__Work instructions__: Could you copy out all of the records below exactly, leaving out every picture?

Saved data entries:
-*-*-

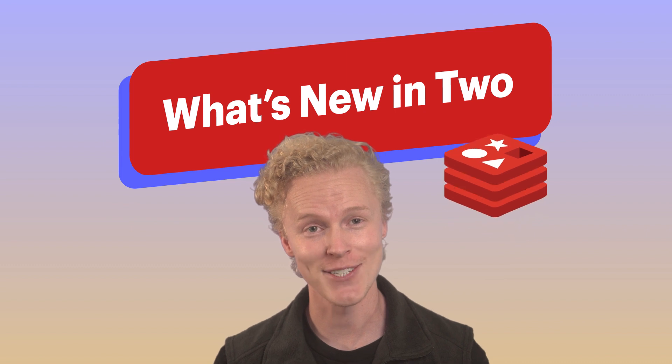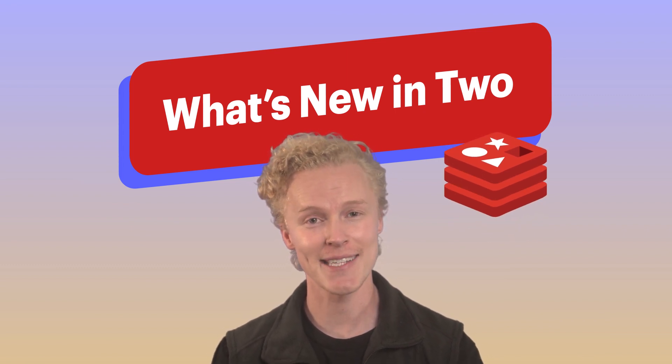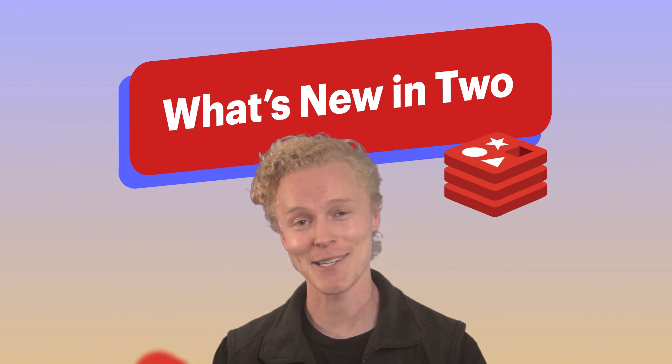That's a wrap for What's New in 2 this month, showcasing Redis' latest features and enhancements. Stay tuned for more exciting updates in our next two-minute episode. See you next one.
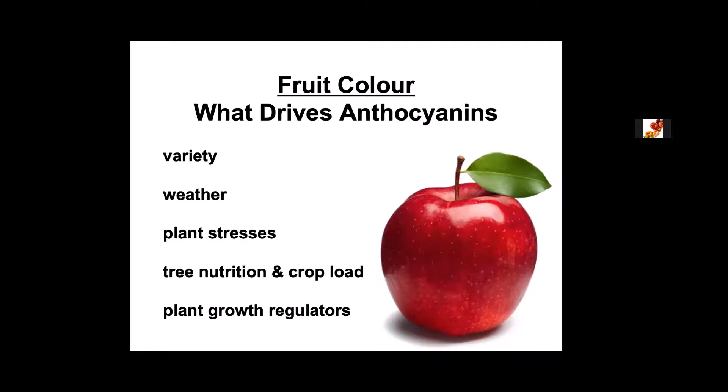Some of the factors affecting anthocyanin production: variety has a huge role to play, and weather has the biggest role by far. Plant stresses also play a role — a tree under stress will actually want to reproduce faster and will start pushing more sugars into the fruit. Tree nutrition, crop load, and plant growth regulators can also play a role.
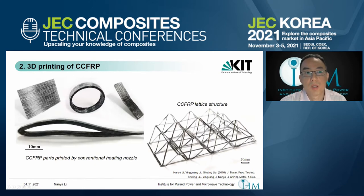This slide shows parts printed since 2016. On the left, the layer-by-layer printing is done using continuous fibers through a conventional heating nozzle. This lattice structure is printed without any supporting materials because of the outstanding mechanical strength provided by the continuous fibers — it can support itself without any supports.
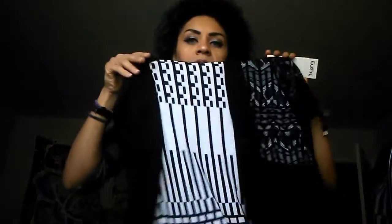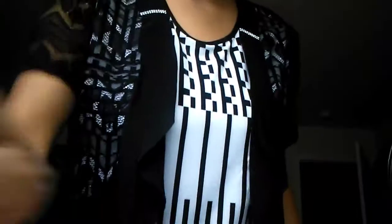And yeah, this is what the whole back looks like. So I'm going to put it on real quick and show you guys what it looks like. And this is what it looks like when it's on.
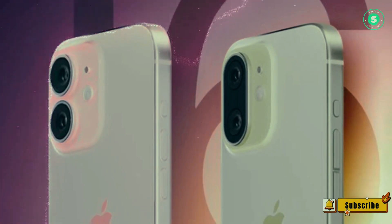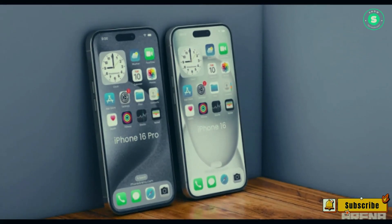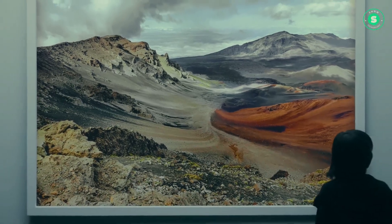5X optical zoom for iPhone 16 Pro. The iPhone 15 Pro Max's Tetra Prism telephoto lens system with 5X optical zoom will expand to the regular iPhone 16 Pro, according to Kuo.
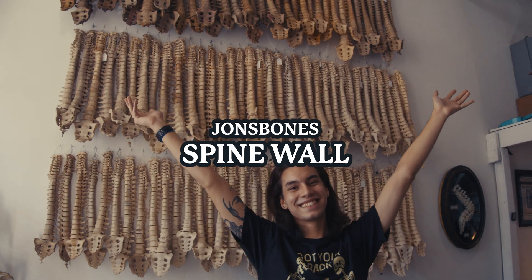All right, everyone. The video is finally here. It's the John's Bones Human Spine Collection.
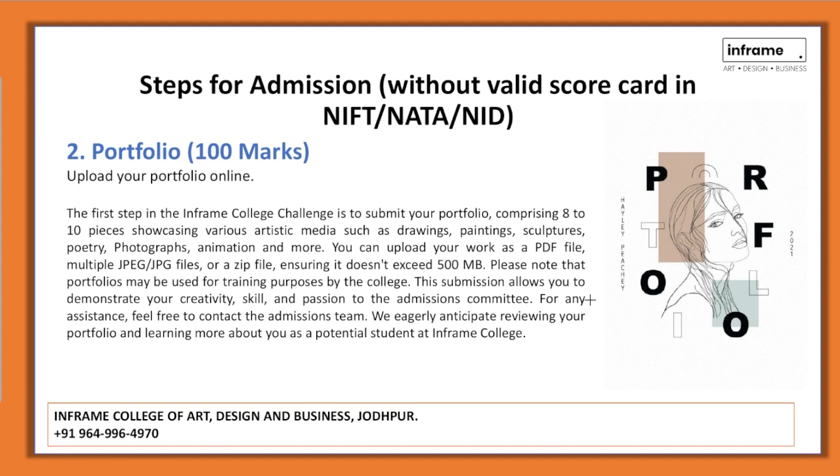The next step is to upload your portfolio. It can comprise 8 to 10 art pieces showing your best work — it could include drawings, paintings, sculpture, poetry, photographs, animation, 2D or 3D art, etc. Note that you need to upload it in PDF format, multiple JPG files, or a zip file which should not exceed 500 MB.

-*-*-

__Result of this task__:
That's a wrap for What's New in 2 this month, showcasing Redis' latest features and enhancements. Stay tuned for more exciting updates in our next two-minute episode. See you next one.
Some of the factors affecting anthocyanin production: variety has a huge role to play, and weather has the biggest role by far. Plant stresses also play a role — a tree under stress will actually want to reproduce faster and will start pushing more sugars into the fruit. Tree nutrition, crop load, and plant growth regulators can also play a role.
This slide shows parts printed since 2016. On the left, the layer-by-layer printing is done using continuous fibers through a conventional heating nozzle. This lattice structure is printed without any supporting materials because of the outstanding mechanical strength provided by the continuous fibers — it can support itself without any supports.
And yeah, this is what the whole back looks like. So I'm going to put it on real quick and show you guys what it looks like. And this is what it looks like when it's on.
5X optical zoom for iPhone 16 Pro. The iPhone 15 Pro Max's Tetra Prism telephoto lens system with 5X optical zoom will expand to the regular iPhone 16 Pro, according to Kuo.
All right, everyone. The video is finally here. It's the John's Bones Human Spine Collection.
The next step is to upload your portfolio. It can comprise 8 to 10 art pieces showing your best work — it could include drawings, paintings, sculpture, poetry, photographs, animation, 2D or 3D art, etc. Note that you need to upload it in PDF format, multiple JPG files, or a zip file which should not exceed 500 MB.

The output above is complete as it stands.